Since the end of 2019, the heads of security committees issued instructions to tally the agricultural lands whose owners live in so-called “terrorist areas” outside Syrian government-controlled territory. And since mid-2020, public auctions have been held to invest in some of those lands. The properties included farmland in 38 villages and towns across rural Hama governorate, 70 villages in Idlib and 11 villages in Aleppo. The auctions were held at cultural centres and the headquarters of the various Farmer Leagues, with the winners usually obligated to invest in or cultivate a certain crop for one season.
Some of the auctions for investing in wheat cultivation, held in November 2020, were announced as part of a drive to collect debt owed to the Agricultural Cooperative Bank by the original owners of the land, albeit without any specific information on the number of debtors or the sizes of their debts. Proceeds from the auctions held between June and July 2020 for the pistachio harvest were given to the Fund for Supporting Martyrs. The fund is affiliated with the local branch of the Office for the Central Commission to Support and Monitor the Situations of Martyrs’ Families in Hama governorate, which itself is affiliated with the Hama branch of the Baath Party.
Collecting funds, searching for new sources of funding or imposing wheat cultivation as part of a larger government strategy to face Syria’s bread crisis could all be logical reasons behind the recent spate of public auctions of farmland.

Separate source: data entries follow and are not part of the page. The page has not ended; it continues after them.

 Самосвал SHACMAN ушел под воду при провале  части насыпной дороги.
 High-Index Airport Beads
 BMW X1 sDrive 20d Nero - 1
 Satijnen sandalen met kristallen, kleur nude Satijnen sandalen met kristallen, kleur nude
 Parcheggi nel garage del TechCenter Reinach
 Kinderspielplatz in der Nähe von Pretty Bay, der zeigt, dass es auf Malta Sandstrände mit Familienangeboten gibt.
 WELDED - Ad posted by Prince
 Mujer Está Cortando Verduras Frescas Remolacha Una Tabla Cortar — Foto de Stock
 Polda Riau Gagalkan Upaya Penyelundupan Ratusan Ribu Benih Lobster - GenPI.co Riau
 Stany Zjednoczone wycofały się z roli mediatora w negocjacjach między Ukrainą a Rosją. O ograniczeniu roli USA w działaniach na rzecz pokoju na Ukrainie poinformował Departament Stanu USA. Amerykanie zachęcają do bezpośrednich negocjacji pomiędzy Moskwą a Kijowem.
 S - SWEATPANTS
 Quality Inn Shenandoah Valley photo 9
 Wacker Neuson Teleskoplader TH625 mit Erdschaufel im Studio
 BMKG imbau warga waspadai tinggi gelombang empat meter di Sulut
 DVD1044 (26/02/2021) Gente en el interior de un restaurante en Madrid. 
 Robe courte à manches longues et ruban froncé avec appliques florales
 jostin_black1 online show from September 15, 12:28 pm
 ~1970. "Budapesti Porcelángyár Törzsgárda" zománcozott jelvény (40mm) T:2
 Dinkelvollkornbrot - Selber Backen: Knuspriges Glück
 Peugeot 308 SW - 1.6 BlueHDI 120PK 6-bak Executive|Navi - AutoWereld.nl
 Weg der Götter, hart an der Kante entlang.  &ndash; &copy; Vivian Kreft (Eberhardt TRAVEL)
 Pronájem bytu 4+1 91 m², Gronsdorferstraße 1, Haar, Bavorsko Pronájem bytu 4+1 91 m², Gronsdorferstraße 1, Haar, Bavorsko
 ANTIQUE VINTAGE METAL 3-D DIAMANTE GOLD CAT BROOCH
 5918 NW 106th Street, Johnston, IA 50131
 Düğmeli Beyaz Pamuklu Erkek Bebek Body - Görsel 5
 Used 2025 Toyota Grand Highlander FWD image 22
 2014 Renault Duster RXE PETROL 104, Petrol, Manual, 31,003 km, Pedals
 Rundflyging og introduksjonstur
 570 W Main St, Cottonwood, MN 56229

However, these auctions have raised fears among displaced people that their properties could soon be confiscated. Pro-opposition news sites have reported that the regime has indeed started confiscating additional farmland under the pretext that their owners are “terrorists”, in line with Anti-Terrorism Law No. 19 of 2012. The Syria Report was unable to independently verify these reports. No court ruling has yet been issued in this regard by the Terrorism Court, nor has there been a ruling to sell the properties of those convicted under the provisions of the Syrian Civil Procedure Law No. 1 of 2016.
Likely the largest danger from these public auctions of displaced Syrians’ lands is the violation of the owner’s rights to use, exploit and dispose of their property—rights guaranteed by the constitution and legislation on ownership. Article 768 of the Syrian Civil Code stipulates that “the owner of the thing itself, within the limits of the law, has the right to use it, exploit it and dispose of it,” while Article 770 says the owner has “the right to all of its benefits, products and attachments, unless there is a text or agreement to the contrary”.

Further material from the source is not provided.